Any plans to enshrine a net-zero carbon target into UK law will need to examine the lifecycle emissions of new infrastructure, technology and products – a move the can spur rapid growth for new low-carbon market standards.
That is one of the key findings of two new reports released today (4 April) by the Aldersgate Group. Published with research from Vivid Economics and the UK Energy Research Centre, the reports explore the opportunities and requirements of setting a net-zero emissions target for the UK.
Late last year, The UK Government has confirmed that it is seeking advice from the Committee on Climate Change (CCC) to provide updates on how the UK’s long-term emissions targets should be altered to account for a net-zero target. The report calls on the Government to set the net-zero target as soon as possible after the advice is published.

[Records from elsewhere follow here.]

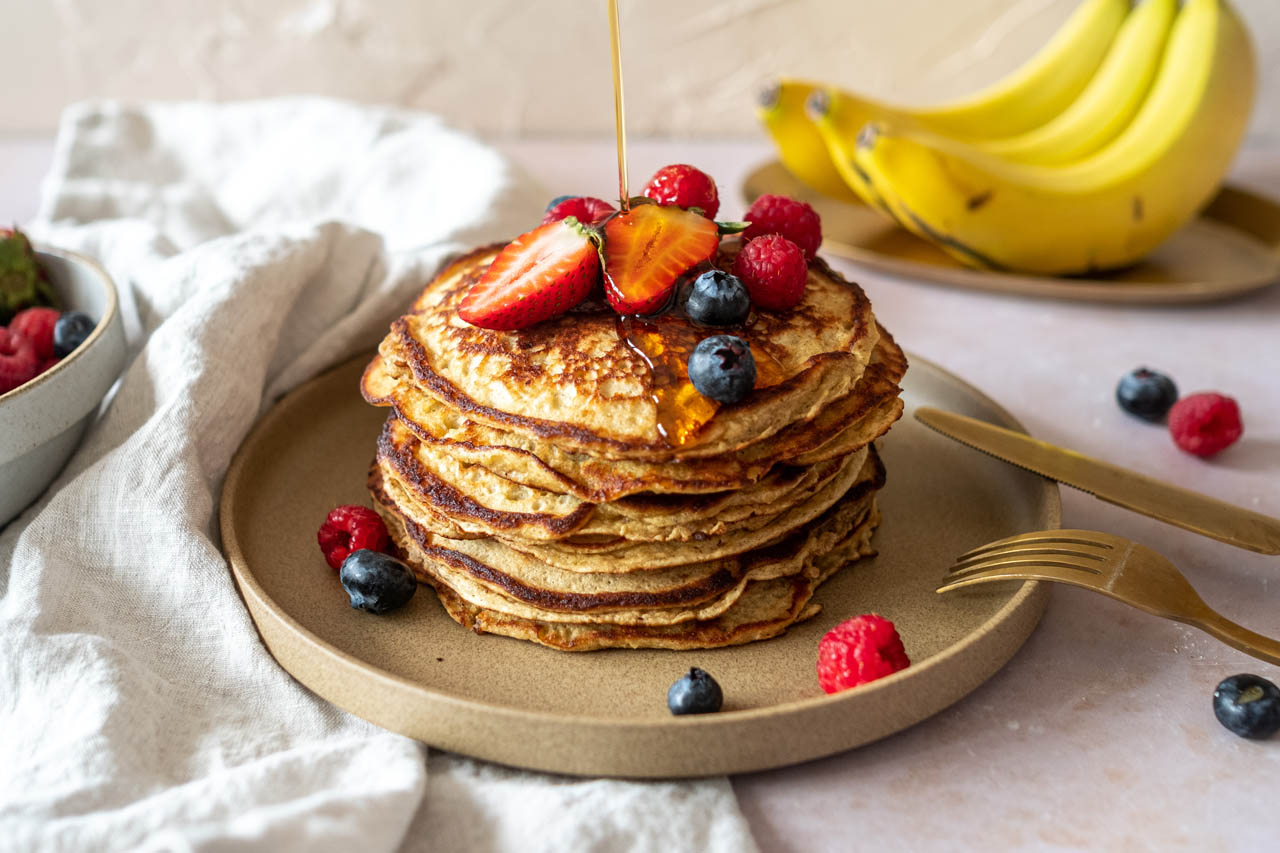 A stack of chickpea flour pancakes topped with berries
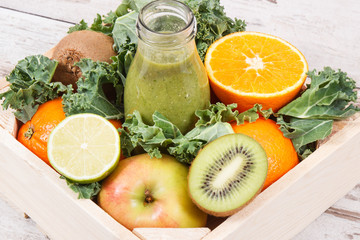 Freshly blended green coctail from fruits and vegetables. Diet and healthy nutrition concept
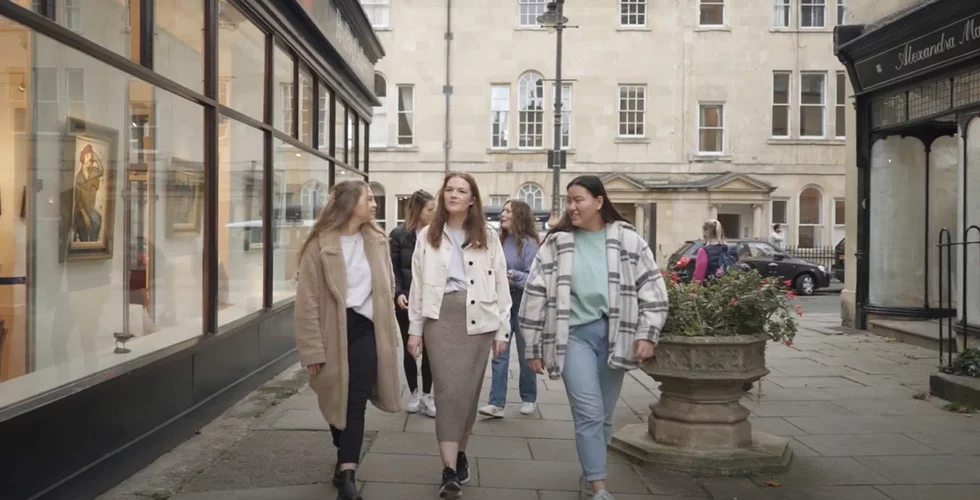a group of students walking down a street in Bath
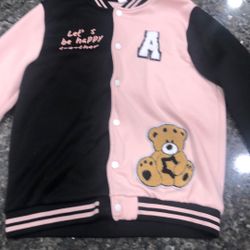 pink and black button jacket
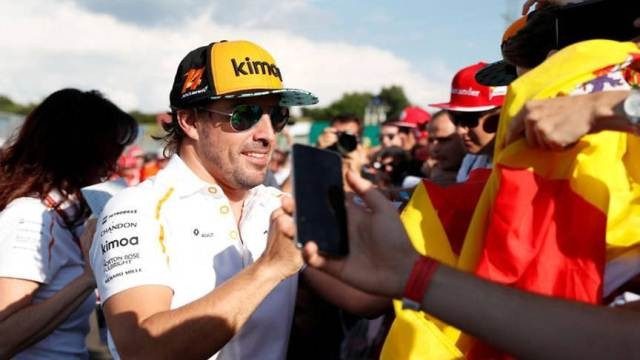 McLaren's Fernando Alonso signs his autograph for fans ahead of the Hungarian Grand Prix. (Photo: Reuters)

With the CCC’s advice set to published shortly, the Aldersgate Group’s two reports outline key recommendations that should be explored when setting the new climate target. The recommendations focus on how the net-zero target could unlock innovation and spur business progress towards widescale decarbonisation across the UK.
Specifically, the reports call for a consideration of how infrastructure being developed today will be impacted by any net-zero target.
“To achieve net zero emissions requires the UK to firstly significantly accelerate the action it is already taking in areas such as the power sector and buildings to achieve the 80% target,” the report states.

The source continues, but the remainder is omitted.